On 07/03/2017 18:35, Howard Chu wrote:
Lorenzo M. Catucci wrote:
Just to add some context to Howard Chu's message from Sat, 25 Feb 2017, I'd like to point out that the scrypt settings chosen for litecoin PoW, which I think are the ones commercial mining hardware are optimized for, are some orders of magnitude different than the ones recommended for user authentication, and are not, in my humble opinion, a sufficient reason to exclude the scrypt construct from consideration:
https://litecoin.info/Scrypt uses N = 1024, r = 1, p = 1 which means using 1024 * 1 * 1 * 128 = 128 KiBytes bytes of memory and doing 2 * (1024 * 1) = 2 Ki hashing rounds
the traditional default values for the parameters are N = 16384, r = 8, p = 1 , which means using 2^16 * 8 * 1 * 128 = 16 MiBytes of memory and doing 32Ki hashing rounds
and these values can be customized (almost) at will to increase both the computational effort and the memory footprint of the password hashing; e.g. libsodium's crypto_pwhash_scryptsalsa208sha256 sets N = 2^20 in the "{OPS,MEM}LIMIT_SENSITIVE" case, leading to a memory occupation of 1GiB and an hashing rounds count of 2 * 2^20.

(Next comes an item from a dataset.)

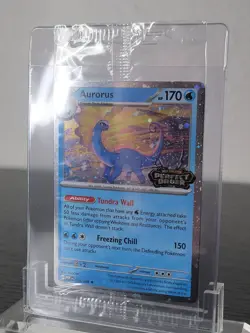 🔥Pokemon Aurorus Perfect Order Promo Stamped Card 024/088 TCG SEALED!🔥 - Image 3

Requiring 1GB for a password hash will preclude using it on small devices, e.g. raspberry pi.
Even 16MB is excessive.
At first, I need to correct a typo on the memory consumption formula with default scrypt parameters: I wrongly typed 16 instead of 14; sorry for not double checking before posting. The correct lines are
""" N = 16384, r = 8, p = 1 , which means using 2^14 * 8 * 1 * 128 = 16 MiBytes of memory """
Now, I dare remember both argon2i and scrypt are meant to hinder GPU/ASIC usage in password cracking by forcing consumption of "big" blocks of RAM for each password check cycle; choosing a too low memory consumption would put both multi-gigabytes GPU and ASIC at the same advantage in relation to the defendant CPU they are in the limited memory usage algorithms like pbkdf2 or the scrypt(128KiB, 2K iteractions).
As for the RaspberryPI example, i think it's just as extreme as the numbers I quoted, which are the recommended ones for using the scrypt construction as a key derivation function for potentially sensitive key usage; here we are talking about a multiple seconds delay to get a working key after password input. If you really were to use a RasperryPI as an LDAP authentication server for a big number of clients, you could choose N = 2^12, leading to a memory cost of 4MiB, but this would really warrant GPU/ASIC equipped adversaries the same advantage they enjoy with limited memory usage constructs.